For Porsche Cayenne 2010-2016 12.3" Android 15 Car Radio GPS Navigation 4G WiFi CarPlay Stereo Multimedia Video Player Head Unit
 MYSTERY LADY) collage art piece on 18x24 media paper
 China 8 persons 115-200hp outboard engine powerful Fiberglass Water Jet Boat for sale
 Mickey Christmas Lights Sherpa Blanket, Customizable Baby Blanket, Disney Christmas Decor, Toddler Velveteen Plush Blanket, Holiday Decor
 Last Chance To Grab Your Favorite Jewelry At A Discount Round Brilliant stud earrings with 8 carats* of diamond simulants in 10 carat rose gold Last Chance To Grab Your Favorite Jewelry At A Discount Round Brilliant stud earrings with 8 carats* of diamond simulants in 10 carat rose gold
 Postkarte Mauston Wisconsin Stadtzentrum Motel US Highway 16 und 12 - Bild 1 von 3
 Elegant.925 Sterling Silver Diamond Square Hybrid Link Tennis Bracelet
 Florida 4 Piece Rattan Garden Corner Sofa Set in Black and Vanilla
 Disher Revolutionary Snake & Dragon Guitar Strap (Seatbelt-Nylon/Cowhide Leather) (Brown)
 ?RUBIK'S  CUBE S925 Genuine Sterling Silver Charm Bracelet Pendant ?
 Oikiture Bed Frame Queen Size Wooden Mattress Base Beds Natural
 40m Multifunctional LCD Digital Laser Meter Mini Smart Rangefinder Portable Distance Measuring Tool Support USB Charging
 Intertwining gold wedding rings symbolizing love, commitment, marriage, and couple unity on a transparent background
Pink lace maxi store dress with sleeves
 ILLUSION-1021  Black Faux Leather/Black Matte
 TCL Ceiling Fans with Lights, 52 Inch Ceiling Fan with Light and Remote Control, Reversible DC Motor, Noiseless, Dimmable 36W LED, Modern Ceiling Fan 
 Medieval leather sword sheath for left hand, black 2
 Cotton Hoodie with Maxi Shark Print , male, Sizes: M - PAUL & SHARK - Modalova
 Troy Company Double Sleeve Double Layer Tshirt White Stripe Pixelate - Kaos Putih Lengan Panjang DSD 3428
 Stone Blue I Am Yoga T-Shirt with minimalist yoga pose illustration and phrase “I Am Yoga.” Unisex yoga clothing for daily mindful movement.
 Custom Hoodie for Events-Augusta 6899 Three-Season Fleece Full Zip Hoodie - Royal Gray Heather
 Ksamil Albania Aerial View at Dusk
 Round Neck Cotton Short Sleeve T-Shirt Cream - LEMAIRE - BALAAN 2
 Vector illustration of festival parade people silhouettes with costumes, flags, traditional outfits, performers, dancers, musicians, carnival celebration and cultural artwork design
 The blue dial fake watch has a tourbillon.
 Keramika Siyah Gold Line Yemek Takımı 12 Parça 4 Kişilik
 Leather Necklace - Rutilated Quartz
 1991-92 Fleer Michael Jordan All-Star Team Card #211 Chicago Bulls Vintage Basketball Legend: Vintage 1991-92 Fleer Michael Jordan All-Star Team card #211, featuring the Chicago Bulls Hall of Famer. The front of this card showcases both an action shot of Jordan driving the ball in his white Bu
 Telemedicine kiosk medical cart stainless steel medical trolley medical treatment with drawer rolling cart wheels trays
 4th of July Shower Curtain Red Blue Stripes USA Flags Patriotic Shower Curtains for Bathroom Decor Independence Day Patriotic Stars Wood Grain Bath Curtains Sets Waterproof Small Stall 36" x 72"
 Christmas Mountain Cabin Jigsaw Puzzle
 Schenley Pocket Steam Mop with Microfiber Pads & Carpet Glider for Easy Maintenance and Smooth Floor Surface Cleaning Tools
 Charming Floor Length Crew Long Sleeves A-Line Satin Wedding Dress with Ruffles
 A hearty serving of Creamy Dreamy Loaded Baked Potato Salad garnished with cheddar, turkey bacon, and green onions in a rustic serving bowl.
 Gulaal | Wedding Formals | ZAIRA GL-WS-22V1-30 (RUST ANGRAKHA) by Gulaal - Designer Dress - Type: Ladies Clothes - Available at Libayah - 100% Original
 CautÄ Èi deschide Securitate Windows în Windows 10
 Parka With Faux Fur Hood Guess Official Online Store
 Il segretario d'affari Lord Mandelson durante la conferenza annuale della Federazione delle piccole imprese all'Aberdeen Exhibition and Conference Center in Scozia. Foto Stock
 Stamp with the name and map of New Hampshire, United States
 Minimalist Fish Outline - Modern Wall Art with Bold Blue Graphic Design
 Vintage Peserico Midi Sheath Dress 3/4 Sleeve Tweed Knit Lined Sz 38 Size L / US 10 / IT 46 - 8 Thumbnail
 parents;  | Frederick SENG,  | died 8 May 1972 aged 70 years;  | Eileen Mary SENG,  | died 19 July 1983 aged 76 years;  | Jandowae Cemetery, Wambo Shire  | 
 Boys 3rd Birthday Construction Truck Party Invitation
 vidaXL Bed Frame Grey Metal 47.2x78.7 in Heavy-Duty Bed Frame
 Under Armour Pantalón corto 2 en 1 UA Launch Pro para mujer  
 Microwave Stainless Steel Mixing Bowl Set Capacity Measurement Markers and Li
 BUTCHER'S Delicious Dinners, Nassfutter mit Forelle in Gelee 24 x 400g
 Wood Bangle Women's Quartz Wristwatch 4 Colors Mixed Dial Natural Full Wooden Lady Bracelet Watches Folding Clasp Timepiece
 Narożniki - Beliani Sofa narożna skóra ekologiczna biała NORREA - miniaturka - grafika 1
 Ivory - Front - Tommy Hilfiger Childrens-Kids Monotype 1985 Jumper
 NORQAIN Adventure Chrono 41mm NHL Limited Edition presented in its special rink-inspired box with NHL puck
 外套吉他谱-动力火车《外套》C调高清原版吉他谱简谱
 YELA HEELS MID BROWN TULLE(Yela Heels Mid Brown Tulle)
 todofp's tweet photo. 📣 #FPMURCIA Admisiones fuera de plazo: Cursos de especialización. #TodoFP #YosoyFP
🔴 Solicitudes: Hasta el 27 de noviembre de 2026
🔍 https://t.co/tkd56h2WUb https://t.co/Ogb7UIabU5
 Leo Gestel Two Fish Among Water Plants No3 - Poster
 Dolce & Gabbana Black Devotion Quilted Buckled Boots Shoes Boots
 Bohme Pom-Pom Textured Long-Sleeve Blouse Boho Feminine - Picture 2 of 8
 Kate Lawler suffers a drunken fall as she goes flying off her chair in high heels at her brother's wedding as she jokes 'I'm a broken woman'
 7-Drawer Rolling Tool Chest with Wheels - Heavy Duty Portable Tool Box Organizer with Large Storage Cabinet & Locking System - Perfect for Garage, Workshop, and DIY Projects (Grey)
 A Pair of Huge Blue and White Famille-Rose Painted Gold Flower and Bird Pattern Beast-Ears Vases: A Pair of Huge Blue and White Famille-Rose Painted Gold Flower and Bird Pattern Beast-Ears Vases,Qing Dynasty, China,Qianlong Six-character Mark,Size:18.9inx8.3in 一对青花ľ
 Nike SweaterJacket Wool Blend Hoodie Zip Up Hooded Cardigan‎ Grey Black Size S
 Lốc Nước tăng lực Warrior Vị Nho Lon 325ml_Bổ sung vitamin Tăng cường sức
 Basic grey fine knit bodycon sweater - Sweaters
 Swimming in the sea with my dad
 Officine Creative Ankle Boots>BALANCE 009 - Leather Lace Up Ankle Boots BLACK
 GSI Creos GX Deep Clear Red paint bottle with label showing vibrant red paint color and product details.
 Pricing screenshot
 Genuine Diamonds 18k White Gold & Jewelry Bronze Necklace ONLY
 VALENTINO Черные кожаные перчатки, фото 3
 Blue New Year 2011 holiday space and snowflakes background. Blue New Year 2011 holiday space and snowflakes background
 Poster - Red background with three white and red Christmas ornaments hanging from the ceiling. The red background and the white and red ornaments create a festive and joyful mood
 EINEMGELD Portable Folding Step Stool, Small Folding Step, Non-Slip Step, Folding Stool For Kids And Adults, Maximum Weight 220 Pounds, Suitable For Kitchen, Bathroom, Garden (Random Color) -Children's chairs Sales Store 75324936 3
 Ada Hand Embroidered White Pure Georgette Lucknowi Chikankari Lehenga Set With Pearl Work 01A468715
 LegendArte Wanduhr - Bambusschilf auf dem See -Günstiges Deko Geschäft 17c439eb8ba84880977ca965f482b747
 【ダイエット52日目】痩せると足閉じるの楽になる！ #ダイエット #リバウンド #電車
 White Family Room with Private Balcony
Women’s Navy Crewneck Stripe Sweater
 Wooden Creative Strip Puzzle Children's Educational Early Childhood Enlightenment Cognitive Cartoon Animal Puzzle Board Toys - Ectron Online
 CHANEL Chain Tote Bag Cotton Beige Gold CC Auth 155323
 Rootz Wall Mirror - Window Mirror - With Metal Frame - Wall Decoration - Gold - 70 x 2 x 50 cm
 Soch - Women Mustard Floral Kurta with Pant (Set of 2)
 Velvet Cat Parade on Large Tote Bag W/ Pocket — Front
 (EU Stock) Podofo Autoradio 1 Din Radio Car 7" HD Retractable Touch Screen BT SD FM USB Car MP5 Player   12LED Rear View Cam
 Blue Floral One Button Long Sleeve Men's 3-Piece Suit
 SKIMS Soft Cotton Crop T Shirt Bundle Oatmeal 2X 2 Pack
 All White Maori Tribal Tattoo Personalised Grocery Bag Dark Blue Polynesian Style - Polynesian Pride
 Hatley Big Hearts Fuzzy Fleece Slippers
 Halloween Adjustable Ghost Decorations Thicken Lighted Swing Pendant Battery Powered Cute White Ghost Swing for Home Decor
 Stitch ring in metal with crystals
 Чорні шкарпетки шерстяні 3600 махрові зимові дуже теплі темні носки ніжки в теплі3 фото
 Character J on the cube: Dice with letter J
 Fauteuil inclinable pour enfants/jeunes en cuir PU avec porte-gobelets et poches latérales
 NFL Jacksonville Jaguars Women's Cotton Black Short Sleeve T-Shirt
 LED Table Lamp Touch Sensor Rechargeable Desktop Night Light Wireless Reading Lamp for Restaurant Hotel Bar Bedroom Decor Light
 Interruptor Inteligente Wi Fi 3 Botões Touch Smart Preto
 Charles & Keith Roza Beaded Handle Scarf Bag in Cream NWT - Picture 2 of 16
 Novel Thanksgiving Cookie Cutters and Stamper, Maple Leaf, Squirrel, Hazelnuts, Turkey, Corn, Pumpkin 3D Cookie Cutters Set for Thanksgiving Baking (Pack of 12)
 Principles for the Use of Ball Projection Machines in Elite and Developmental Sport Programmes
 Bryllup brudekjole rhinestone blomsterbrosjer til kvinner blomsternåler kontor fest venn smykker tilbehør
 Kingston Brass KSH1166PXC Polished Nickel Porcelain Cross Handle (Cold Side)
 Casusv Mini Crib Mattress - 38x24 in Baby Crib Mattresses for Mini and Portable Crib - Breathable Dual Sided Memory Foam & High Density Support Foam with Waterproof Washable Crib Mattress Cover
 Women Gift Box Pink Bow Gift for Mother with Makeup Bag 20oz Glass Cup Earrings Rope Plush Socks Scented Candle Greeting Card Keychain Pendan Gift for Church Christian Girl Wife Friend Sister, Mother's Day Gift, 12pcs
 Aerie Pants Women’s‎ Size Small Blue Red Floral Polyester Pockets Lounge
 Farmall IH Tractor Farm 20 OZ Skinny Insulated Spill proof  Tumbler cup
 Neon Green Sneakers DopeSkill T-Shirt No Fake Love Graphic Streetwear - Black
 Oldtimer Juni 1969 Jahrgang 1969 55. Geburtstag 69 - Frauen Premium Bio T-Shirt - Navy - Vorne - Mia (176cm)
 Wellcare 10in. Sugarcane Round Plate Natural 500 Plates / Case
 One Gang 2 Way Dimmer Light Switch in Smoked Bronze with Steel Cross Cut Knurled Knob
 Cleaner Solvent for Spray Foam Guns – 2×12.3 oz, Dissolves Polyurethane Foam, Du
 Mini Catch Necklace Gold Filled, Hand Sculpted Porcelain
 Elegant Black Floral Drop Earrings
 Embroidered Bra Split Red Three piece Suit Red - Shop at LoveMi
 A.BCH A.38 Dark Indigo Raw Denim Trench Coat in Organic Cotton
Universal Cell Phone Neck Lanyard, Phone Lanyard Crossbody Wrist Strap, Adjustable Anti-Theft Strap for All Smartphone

───

What is expected: The line containing "A.BCH A.38 Dark" begins the span, and the last line of the records above ends it. Return that span exactly, and nothing outside it.

Result of this task:
 A.BCH A.38 Dark Indigo Raw Denim Trench Coat in Organic Cotton
Universal Cell Phone Neck Lanyard, Phone Lanyard Crossbody Wrist Strap, Adjustable Anti-Theft Strap for All Smartphone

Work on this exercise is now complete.